REPRESENTATIVE TARR said that she wants to feel like Alaska is
not forcing a project at a time that it should not happen. She
said some of the producers want to slow down, and maybe the new
concepts will alleviate this problem, but it is not clear to her
whether the state is forcing a project that should not go
forward or using new opportunities to enhance a project that
should.
MR. MEYER said he shared that completely; the project should
work and not be forced. He believes there are different tools in
the tool box that are common in world infrastructure projects to
make it work without forcing any particular party.
3:46:44 PM
CO-CHAIR GIESSEL said that the people sitting at the table
represent the people of Alaska, but speaking for herself she is
concerned about Mr. Meyer's concept and is discouraged to hear
there is an idea to start all over again. "We've tried this
project several times, and it hasn't penciled out and with good
reason," she stated. There is a gas offtake authority "from our
conservation commission, so that's an exciting thing. It sounds
like you agree with us that the cost of supply is a critical
driver for this project," she commented, "and yet you want to
drive toward a final investment decision by 2018. That's very
concerning." She said it is a conflicting message, but she does
appreciate him coming today.
^Fiscal Team
FISCAL TEAM
CHAIR GIESSEL said the next agenda item is to hear from the
producers, who represent three of the five members of the fiscal
team-the others are AGDC and the Department of Natural
Resources.
3:48:46 PM
DAVID VAN TUYL, Alaska Regional Manager, BP, Anchorage, said he
has been working for BP in Alaska for almost 32 years, and many
years have been dedicated to getting gas to market. He works on
the fiscal team and is also on the management committee of the
Alaska LNG project. He stated that the success of this project
is absolutely critical to BP's business in Alaska and to the
future of Alaska. The scale of the project is unique for BP, and
the corporation would like to see Alaska LNG move to market in
the 2020s. He said 2016 is a challenging year, and "currently
we're all living that reality." In the low-price environment,
there are over a trillion dollars' worth of projects that have
been shelved, he stated. "It's tough out there." The Alaska
project is also challenged, he added, but it is not unusual for
LNG projects to go through evolutions. The good news, he said,
is that the Alaska project has not been shelved. He stated that
BP and Alaska know what it means to face challenges-"challenges
are nothing new to us." The January 2014 Heads of Agreement
envisioned a path to face challenges together. It was also the
path that was forged by this legislature, and BP is committed to
progressing "in an aligned way forward."
3:51:50 PM
MR. VAN TUYL said the Pre-FEED phase is 91 percent completed to
deliverables, and BP will have spent $600 million gross to
advance Alaska LNG once the work is done. He estimated that FEED
will cost over twice that amount-maybe three times that amount.
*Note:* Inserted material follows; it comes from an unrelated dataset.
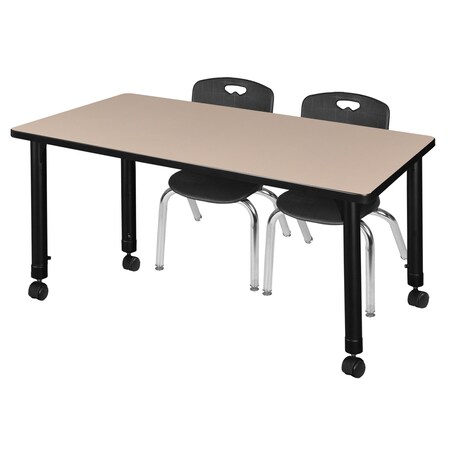 Regency Tables > Height Adjustable > Rectangular Mobile Table & Chair Sets, 48 W, 30 L, 23-34 H MT4830BEAPCBK45BK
That kind of commitment deserves a careful evaluation and a
thoughtful decision before BP commits its resources or before
the state commits Alaska's resource, he stated. He said BP has
found that the cost of supply is the most meaningful benchmark
to measure how LNG competes with other projects. He explained
that it is the cost at which a project can sell product to a
buyer and is typically quoted on a discounted basis. Higher-cost
projects will struggle to find willing buyers, he said. In fact,
BP has commissioned a study to evaluate the competitiveness of
Alaska LNG, and he expects the results of the commissioned study
next month.
MR. VAN TUYL told the committee that at last month's Alaska Oil
and Gas Association's conference, Daniel Yergin, an energy
consultant who is the industry authority, reminded people that
the world LNG market has changed dramatically. Yergin's firm,
IHS, sees a tremendous supply of LNG from the Gulf of Mexico, he
said. That supply is more than 10 times the volume of known ANS
[Alaska North Slope] gas. That's the reality against which
Alaska LNG must compete, he explained, and even with the great
work of Steve Butt and the project team, "we're not there yet."
He said he understands and appreciates the state's desire to
move its project ahead, and BP understands the state's fiscal
need for a new revenue source. The state is a vitally important
co-venturer for BP, he noted, but BP does not want to move
quickly into the largest energy project in North America that
will only end up losing lots of money "for all of us."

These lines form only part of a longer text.